Extracted data:
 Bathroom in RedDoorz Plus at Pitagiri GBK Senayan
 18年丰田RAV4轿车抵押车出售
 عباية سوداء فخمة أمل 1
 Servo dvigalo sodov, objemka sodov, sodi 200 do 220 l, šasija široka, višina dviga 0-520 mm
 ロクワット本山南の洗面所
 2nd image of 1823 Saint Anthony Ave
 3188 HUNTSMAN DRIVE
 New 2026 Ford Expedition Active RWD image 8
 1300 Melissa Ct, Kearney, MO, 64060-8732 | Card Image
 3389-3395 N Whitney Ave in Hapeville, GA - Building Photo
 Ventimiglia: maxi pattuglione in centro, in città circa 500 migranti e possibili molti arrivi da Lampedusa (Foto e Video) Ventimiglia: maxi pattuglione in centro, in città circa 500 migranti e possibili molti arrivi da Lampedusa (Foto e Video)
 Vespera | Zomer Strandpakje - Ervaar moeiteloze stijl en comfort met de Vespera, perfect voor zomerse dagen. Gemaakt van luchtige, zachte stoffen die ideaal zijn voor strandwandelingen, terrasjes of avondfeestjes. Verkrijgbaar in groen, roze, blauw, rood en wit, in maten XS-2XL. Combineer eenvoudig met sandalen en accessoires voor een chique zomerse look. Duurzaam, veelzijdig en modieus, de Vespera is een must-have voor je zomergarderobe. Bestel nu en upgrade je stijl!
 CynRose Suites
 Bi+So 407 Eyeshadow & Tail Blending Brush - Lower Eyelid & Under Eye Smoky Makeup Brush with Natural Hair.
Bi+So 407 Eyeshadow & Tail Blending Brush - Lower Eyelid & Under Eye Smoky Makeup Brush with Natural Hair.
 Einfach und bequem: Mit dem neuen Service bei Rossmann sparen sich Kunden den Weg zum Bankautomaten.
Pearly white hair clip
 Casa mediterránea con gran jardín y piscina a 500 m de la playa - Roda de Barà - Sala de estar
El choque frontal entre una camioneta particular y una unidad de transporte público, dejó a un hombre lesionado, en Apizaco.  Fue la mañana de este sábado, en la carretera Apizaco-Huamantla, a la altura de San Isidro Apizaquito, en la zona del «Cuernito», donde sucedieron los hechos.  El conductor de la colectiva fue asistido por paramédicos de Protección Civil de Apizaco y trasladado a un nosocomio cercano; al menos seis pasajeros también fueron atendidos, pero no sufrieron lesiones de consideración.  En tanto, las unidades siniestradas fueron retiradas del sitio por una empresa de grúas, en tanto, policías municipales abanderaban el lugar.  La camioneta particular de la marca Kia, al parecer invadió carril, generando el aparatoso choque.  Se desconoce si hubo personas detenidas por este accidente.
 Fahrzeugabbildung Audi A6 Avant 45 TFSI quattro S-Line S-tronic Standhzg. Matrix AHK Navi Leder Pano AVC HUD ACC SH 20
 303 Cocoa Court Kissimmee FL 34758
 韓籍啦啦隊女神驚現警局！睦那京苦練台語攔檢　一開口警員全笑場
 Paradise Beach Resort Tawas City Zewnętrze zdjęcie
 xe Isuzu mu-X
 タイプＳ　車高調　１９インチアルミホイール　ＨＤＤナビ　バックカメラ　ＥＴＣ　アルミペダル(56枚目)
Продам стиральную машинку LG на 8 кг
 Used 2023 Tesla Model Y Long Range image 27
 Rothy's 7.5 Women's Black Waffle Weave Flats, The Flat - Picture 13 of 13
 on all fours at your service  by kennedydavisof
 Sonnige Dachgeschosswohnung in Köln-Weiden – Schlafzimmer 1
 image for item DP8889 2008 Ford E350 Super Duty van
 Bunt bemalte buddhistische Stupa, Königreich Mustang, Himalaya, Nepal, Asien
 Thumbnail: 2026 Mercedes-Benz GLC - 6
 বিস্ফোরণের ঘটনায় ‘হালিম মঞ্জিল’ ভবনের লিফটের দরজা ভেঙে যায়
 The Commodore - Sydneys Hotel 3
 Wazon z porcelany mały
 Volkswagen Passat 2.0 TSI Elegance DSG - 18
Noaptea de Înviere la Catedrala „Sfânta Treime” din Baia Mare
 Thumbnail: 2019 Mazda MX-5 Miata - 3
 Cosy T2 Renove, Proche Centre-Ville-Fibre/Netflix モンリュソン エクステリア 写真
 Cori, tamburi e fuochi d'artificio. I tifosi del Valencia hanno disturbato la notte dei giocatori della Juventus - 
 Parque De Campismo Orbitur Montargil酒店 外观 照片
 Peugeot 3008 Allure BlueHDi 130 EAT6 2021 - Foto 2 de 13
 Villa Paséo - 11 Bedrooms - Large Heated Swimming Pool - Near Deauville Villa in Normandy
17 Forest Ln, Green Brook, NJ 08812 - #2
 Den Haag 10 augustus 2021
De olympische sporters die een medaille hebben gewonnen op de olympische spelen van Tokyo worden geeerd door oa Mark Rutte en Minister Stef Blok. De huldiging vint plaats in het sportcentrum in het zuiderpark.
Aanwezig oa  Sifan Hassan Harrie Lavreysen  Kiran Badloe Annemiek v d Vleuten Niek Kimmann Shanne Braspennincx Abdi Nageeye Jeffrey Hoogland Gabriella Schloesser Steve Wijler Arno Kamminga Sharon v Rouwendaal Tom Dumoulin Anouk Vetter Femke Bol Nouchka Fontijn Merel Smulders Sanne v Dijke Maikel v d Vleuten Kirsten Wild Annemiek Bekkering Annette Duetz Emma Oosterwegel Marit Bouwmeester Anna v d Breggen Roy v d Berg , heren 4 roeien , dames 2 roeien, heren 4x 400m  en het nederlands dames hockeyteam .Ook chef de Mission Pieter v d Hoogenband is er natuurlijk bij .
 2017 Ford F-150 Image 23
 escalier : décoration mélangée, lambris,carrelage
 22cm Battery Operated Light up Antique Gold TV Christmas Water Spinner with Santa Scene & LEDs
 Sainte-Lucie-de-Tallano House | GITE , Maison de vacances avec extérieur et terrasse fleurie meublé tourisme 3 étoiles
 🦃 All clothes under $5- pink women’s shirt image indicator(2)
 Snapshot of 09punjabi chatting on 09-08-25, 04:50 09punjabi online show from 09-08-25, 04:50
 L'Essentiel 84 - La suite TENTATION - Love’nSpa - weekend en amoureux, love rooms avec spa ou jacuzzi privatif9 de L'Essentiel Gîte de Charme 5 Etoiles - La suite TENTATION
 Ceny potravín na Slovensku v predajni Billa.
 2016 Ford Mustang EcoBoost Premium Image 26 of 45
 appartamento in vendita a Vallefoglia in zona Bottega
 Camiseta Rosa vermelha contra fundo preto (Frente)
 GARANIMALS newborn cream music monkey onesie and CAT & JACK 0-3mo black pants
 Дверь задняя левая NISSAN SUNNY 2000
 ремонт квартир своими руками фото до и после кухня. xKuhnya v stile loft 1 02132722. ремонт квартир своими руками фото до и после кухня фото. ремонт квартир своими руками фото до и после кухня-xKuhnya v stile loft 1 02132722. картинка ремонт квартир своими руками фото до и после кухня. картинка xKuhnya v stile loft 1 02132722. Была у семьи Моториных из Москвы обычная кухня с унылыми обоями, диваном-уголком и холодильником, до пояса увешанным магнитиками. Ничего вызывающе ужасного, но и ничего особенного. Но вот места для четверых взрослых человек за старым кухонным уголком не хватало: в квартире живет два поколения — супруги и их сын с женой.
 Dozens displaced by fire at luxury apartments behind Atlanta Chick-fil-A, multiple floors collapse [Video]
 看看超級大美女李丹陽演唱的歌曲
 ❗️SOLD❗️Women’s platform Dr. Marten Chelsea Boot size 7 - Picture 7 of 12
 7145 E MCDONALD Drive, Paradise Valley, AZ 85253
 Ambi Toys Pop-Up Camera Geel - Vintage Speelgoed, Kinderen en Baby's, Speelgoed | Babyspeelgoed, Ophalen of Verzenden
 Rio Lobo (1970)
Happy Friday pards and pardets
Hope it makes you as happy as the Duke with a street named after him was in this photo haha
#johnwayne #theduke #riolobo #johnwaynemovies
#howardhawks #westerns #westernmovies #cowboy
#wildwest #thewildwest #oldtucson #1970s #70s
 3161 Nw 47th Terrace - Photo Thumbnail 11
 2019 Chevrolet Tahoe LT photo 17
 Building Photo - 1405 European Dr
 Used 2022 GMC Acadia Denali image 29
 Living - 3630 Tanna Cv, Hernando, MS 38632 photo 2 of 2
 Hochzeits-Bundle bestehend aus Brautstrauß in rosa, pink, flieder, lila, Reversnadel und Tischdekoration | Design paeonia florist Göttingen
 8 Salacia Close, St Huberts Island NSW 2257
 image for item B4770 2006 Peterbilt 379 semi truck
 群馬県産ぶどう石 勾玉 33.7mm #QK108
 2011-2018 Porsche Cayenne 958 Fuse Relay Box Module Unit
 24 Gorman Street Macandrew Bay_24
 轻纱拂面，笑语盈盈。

Task statement: The lines above starting at the one that contains "2016 Ford Mustang" and ending at the one that contains "Дверь задняя левая NISSAN SUNNY 2000" must be transcribed exactly, and no other lines may appear.

Task result:
 2016 Ford Mustang EcoBoost Premium Image 26 of 45
 appartamento in vendita a Vallefoglia in zona Bottega
 Camiseta Rosa vermelha contra fundo preto (Frente)
 GARANIMALS newborn cream music monkey onesie and CAT & JACK 0-3mo black pants
 Дверь задняя левая NISSAN SUNNY 2000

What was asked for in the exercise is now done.